Honestly, I was totally flabbergasted by your initial response. The fact that your immediate conclusion was that I "got into your calendar" and "crossed the line."  But I gave you the benefit of the doubt that you just didn't know all the features in Meetup.  Obviously, if I didn't respect you as the Organizer, I wouldn't have taken the time to send you a message letting you know about the meetup I suggested and that I'm so happy to be a part of the group.  

Clearly, you're not looking for a meetup group that invites collaboration, new ideas, and member participation.  I'm glad to find this out right away, as there are many others that *love* participation, feedback, and fresh ideas.  

As someone who's trying to live a yogi life, it's sad to think you've found a group of like-minded individuals....only to be judge and criticized right off the bat.

In terms of issues of respect--I do not respect you.  I gave you the benefit of the doubt, and obviously should not have.  

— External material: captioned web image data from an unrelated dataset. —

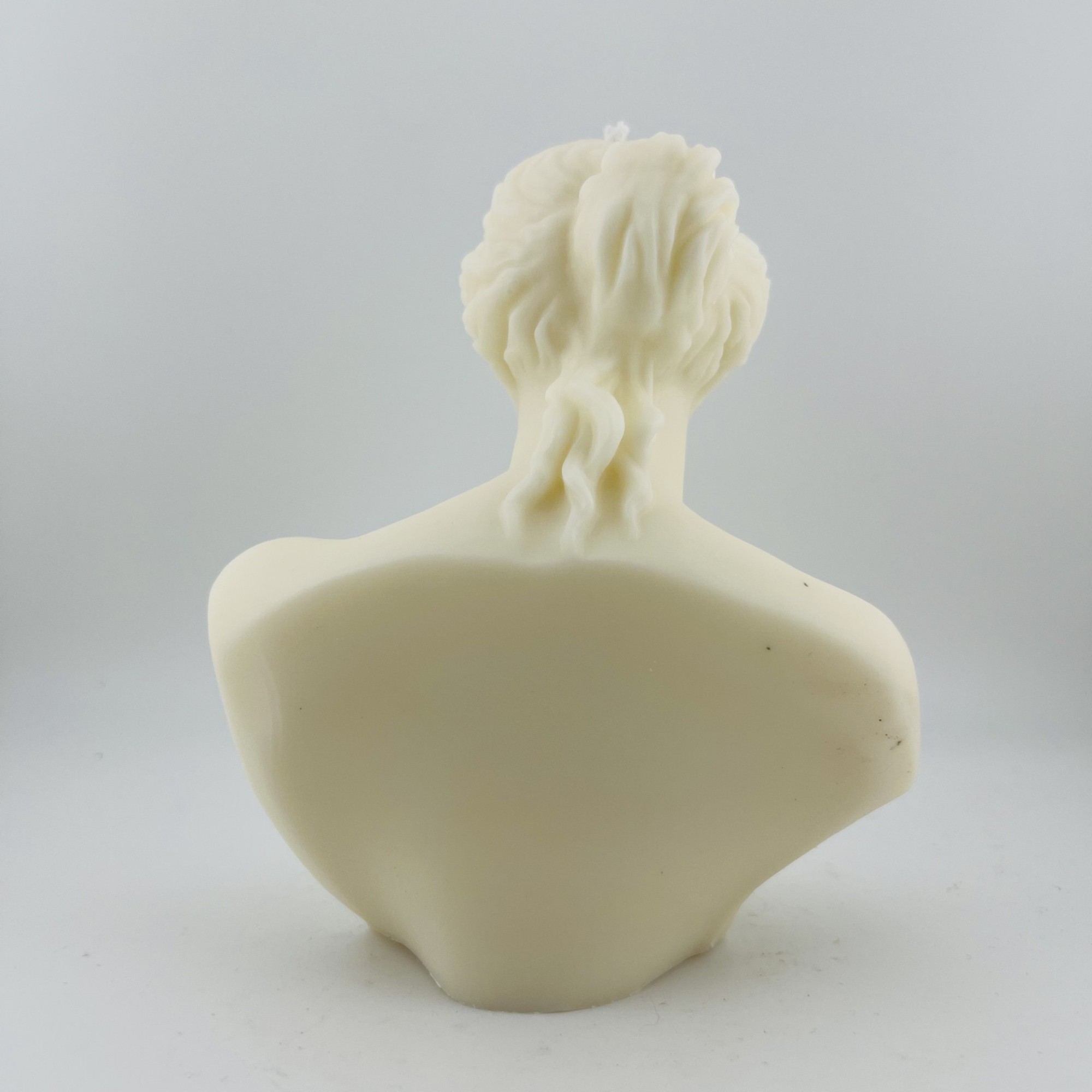 Γλυπτό Θεάς Αφροδίτη Αρωματικό Κερί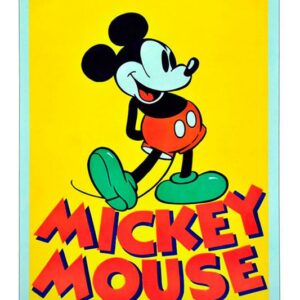 Mickey Mouse, TLS 15.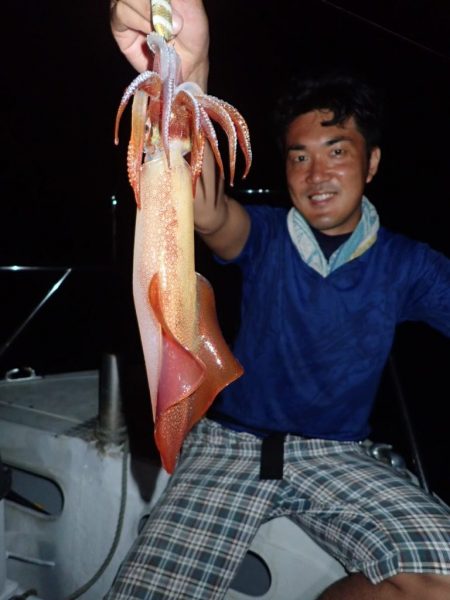 Aquanaut(アクアノート) 釣果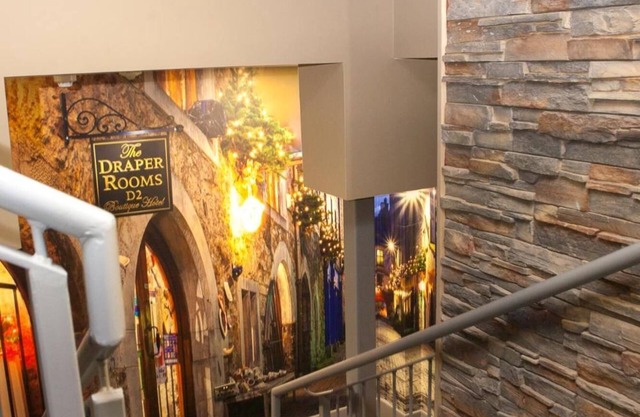 Draper Rooms
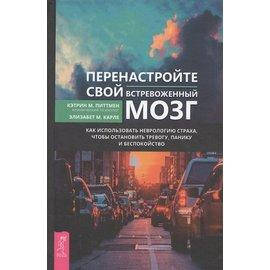 

Перенастройте свой встревоженный мозг. Питтмен К.М., Карле Э.М.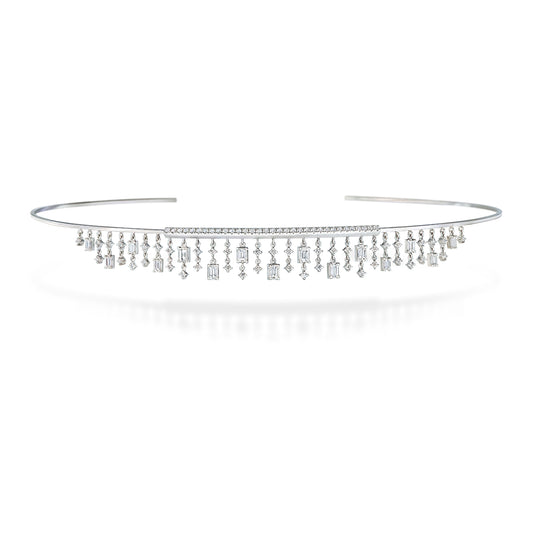 chandelier sway grace choker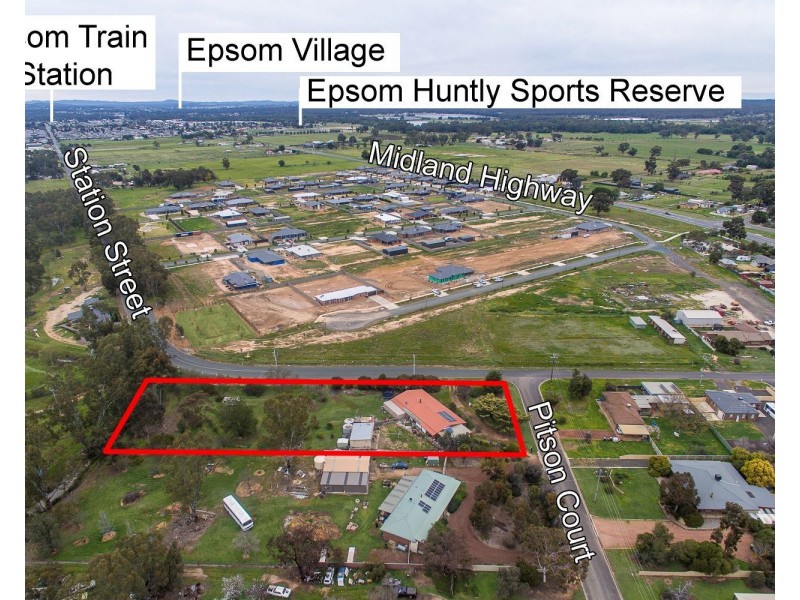 2 Pitson Court, Huntly VIC 3551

I'll make sure to pass along the terrible experience I've had with YogaSatiLife to everyone I know.

Emily

To which I received this response, right away:

Hi Emily,


I am very open, in  supporting, co creating and networking with many other wonderful people. 
Respectful communication and action is a very important foundation for collaboration.

I had received your request and was actually interested in connecting. I have been unable to respond as yet, having dealt with a family loss and keeping up with my own commitments.

My emails simply openly expressed what I felt about the situation of you taking the action of submitting an event, without receiving a response.
If you re read my emails, no animosity whatever has been expressed towards you.

However from your vindictive, judgemental and threatening response, I do not wish to collaborate with you.

Mirella

Can we say BACKPEDAL?!?!  Maybe we aren't reading the same emails, because when I go back and reread your emails, as you suggest, I find where you call me "disrespectful" and "way out of line." Is it even possible to read into that?  Because I was taking your insults at face value.  Glad we're finally on the same page with the fact that a collaboration isn't going to happen.  You clearly only want to promote your own yoga studio's paid events.  Sorry for stepping on your toes.

What do you think guys?  Am I missing something here {aside from the irony of this flame war starting over the topics of yoga & meditation, which is pretty ridic}?!

1 comment:

  1. This made me laugh out loud!! She sounds nuts :) I thought your responses were well written and to the point. Well done. Thanks for the laugh.